Worker Configuration
This page covers the Ripple worker process: its lifecycle state machine, health endpoints, configuration parameters, and operational behavior.
Worker Lifecycle
Workers progress through seven well-defined states.

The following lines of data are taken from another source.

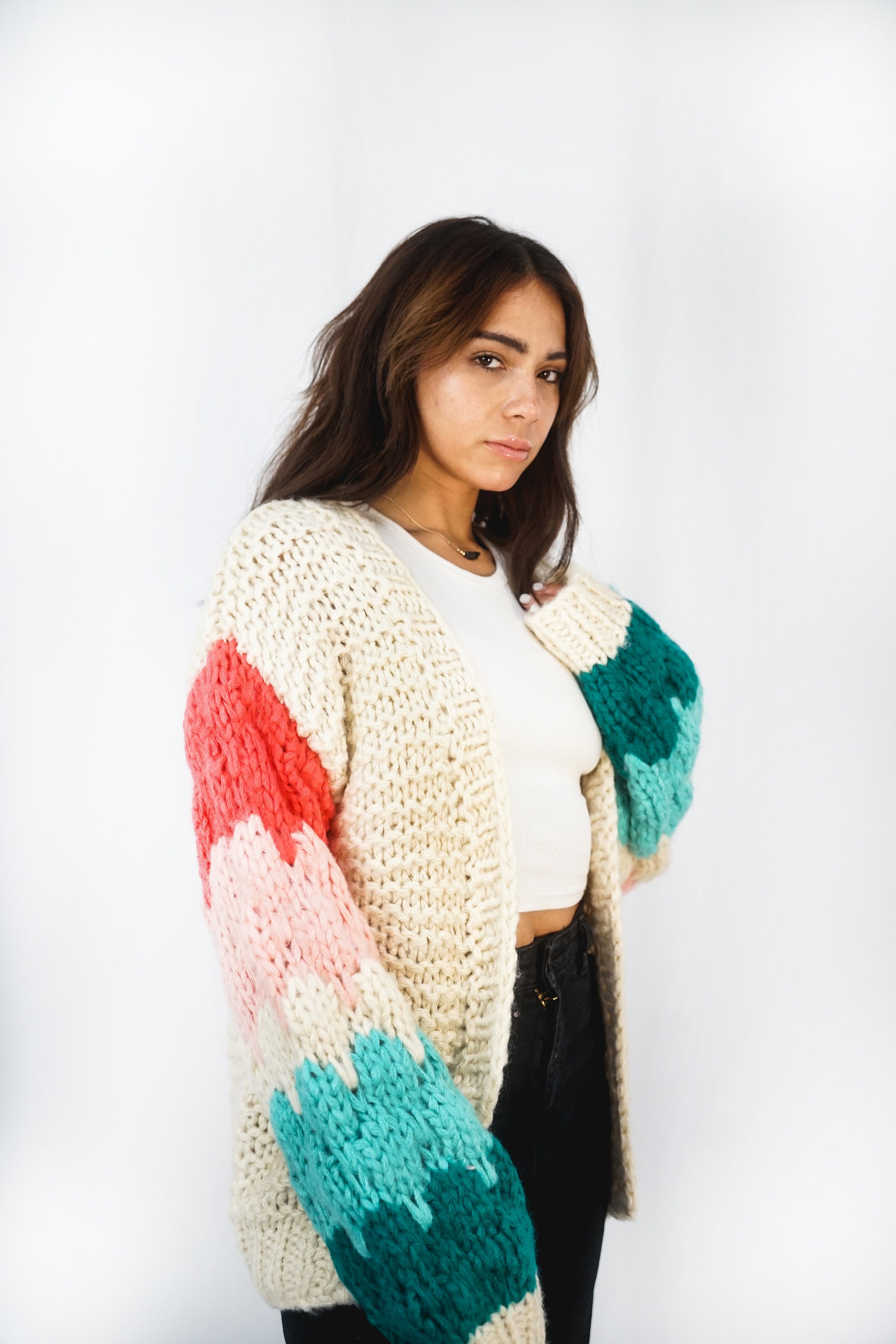 Feel the Love Short Handmade Cardi | Crm-Pnk CARDIGAN autumn-winter CREAM KNIT M - L PINK S - M SALE stellino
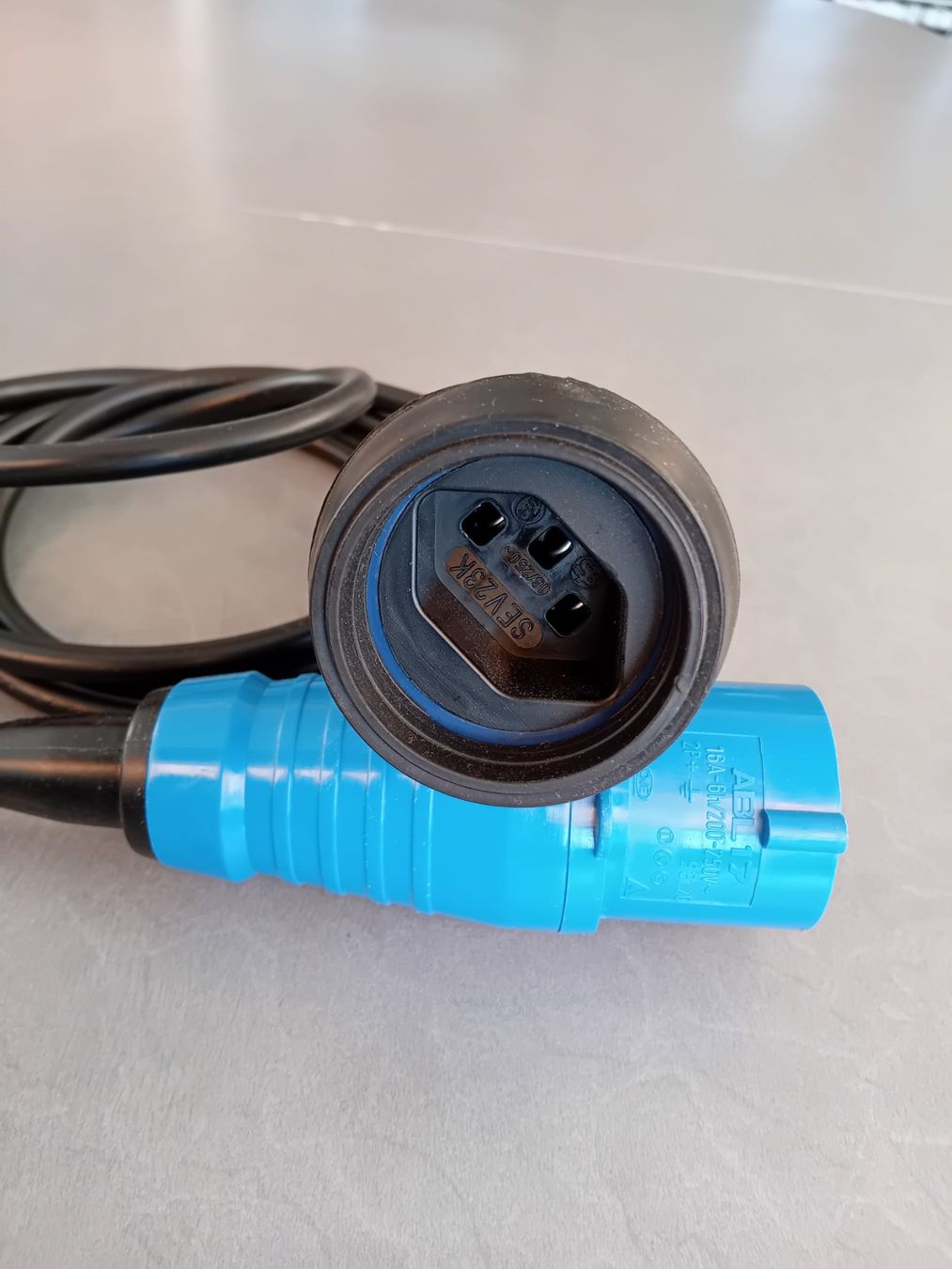 Kabel: Verbindungskabel Camping – Gebraucht aus Bätterkinden von 1judith 1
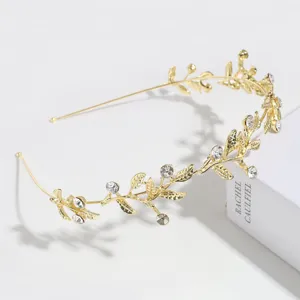 Detalle de diadema de hojas de estrás doradas, accesorio de pelo elegante para mujer y diario.
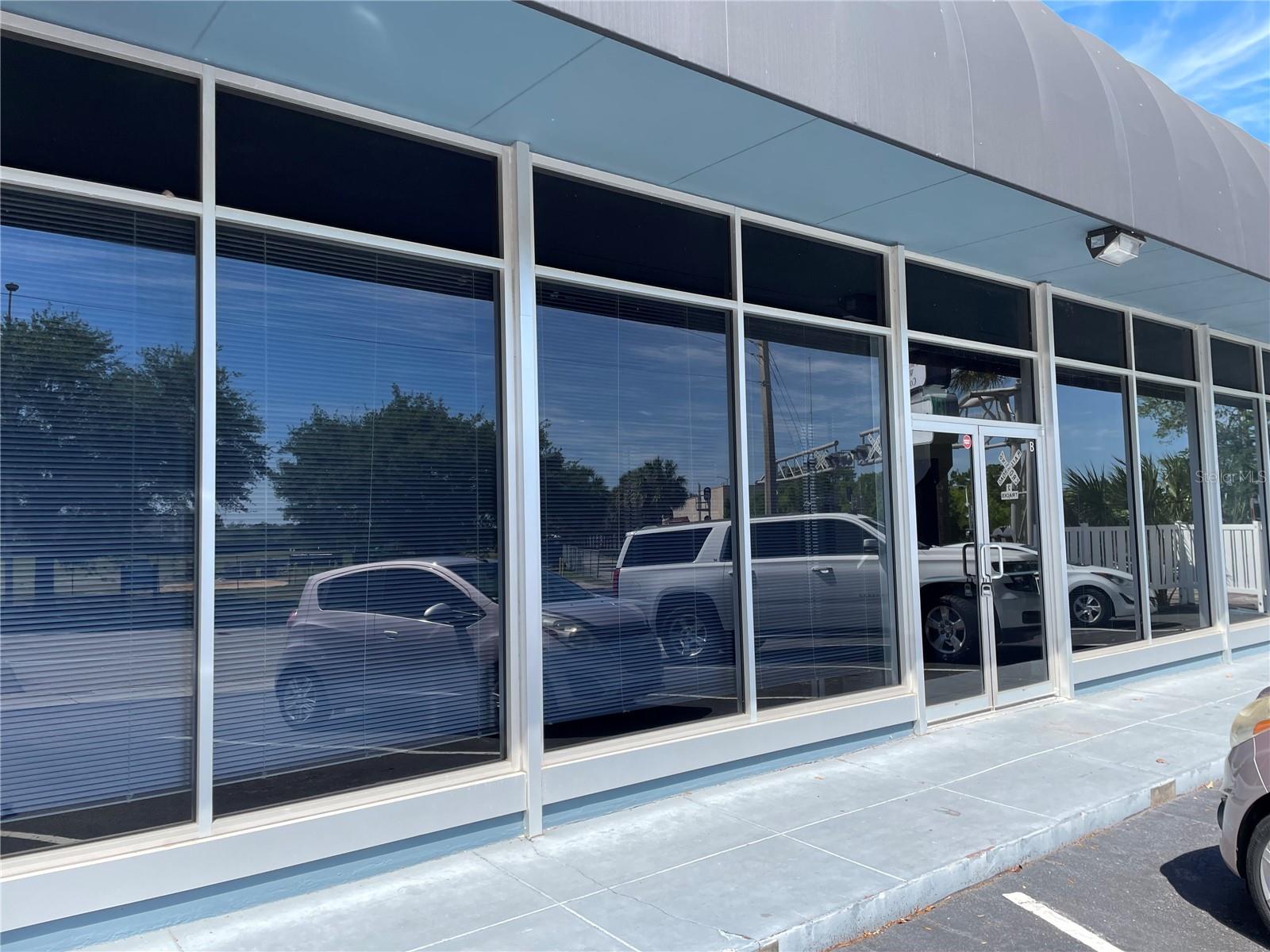 FAIROAKS & IVANHOE - Commercial Lease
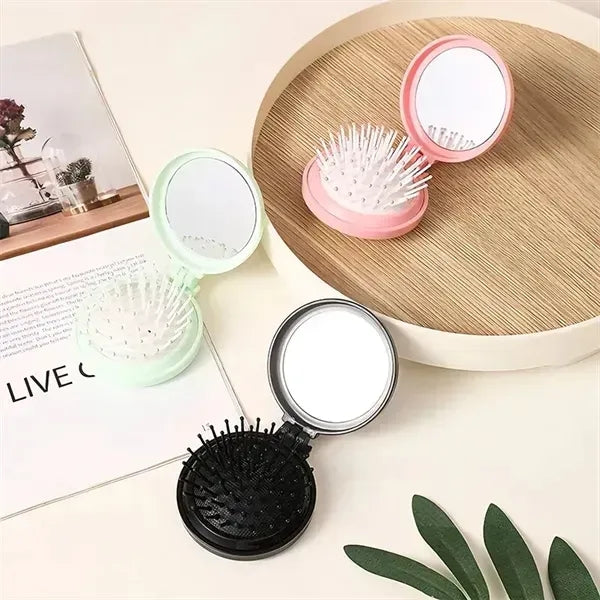 This folding comb is designed for convenient scalp massage a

The state machine prevents invalid transitions at runtime.
┌──────────────┐
│ Starting │
│ (boot, load │
│ checkpoint) │
└──┬───┬───┬───┘
│ │ │
ok │ │ │ checkpoint found
│ │ │
┌────────────┘ │ └────────────┐
v │ v
┌───────────┐ │ ┌─────────────┐
│ Active │<─────────┘ │ Recovering │
│(processing│ ok │(replaying │
│ events) │<───────────────────│ from ckpt) │
└──┬──┬──┬──┘ └──────┬──────┘
│ │ │ │
│ │ │ drain request │ failure
│ │ v v
│ │ ┌──────────┐ ┌──────────┐
│ │ │ Draining │ │ Failed │
│ │ │(finish │ │(crashed) │
│ │ │ batch, │ └──────────┘
│ │ │ write │ ^
│ │ │ ckpt) │ │
│ │ └──┬───┬───┘ failure │
│ │ │ │ │
│ │ │ └──────────────────────┘
│ │ v
│ │ resume
│ │ (back to Active)
│ │
│ │ stop request
│ v
│ ┌───────────┐
│ │ Stopping │
│ │(graceful │
│ │ shutdown) │
│ └─────┬─────┘
│ │
│ v
│ ┌───────────┐
│ │ Stopped │
│ │(clean │
│ │ shutdown) │
│ └───────────┘
│
└──── failure ──> Failed
State Definitions
| State | Description | Duration |
|---|---|---|
Starting | Booting, loading configuration, checking for checkpoint | < 5s |
Active | Processing events from input sources | Indefinite |
Draining | Completing current batch, writing checkpoint | < 10s |
Stopping | Graceful shutdown in progress | < 30s |
Stopped | Shut down cleanly | Terminal |
Failed | Crashed or unrecoverable error | Until restart |
Recovering | Loading checkpoint and replaying events | < 30s (target) |
Valid Transitions
let valid_transition ~from ~to_ =
match from, to_ with
| Starting, Active -> true (* successful boot *)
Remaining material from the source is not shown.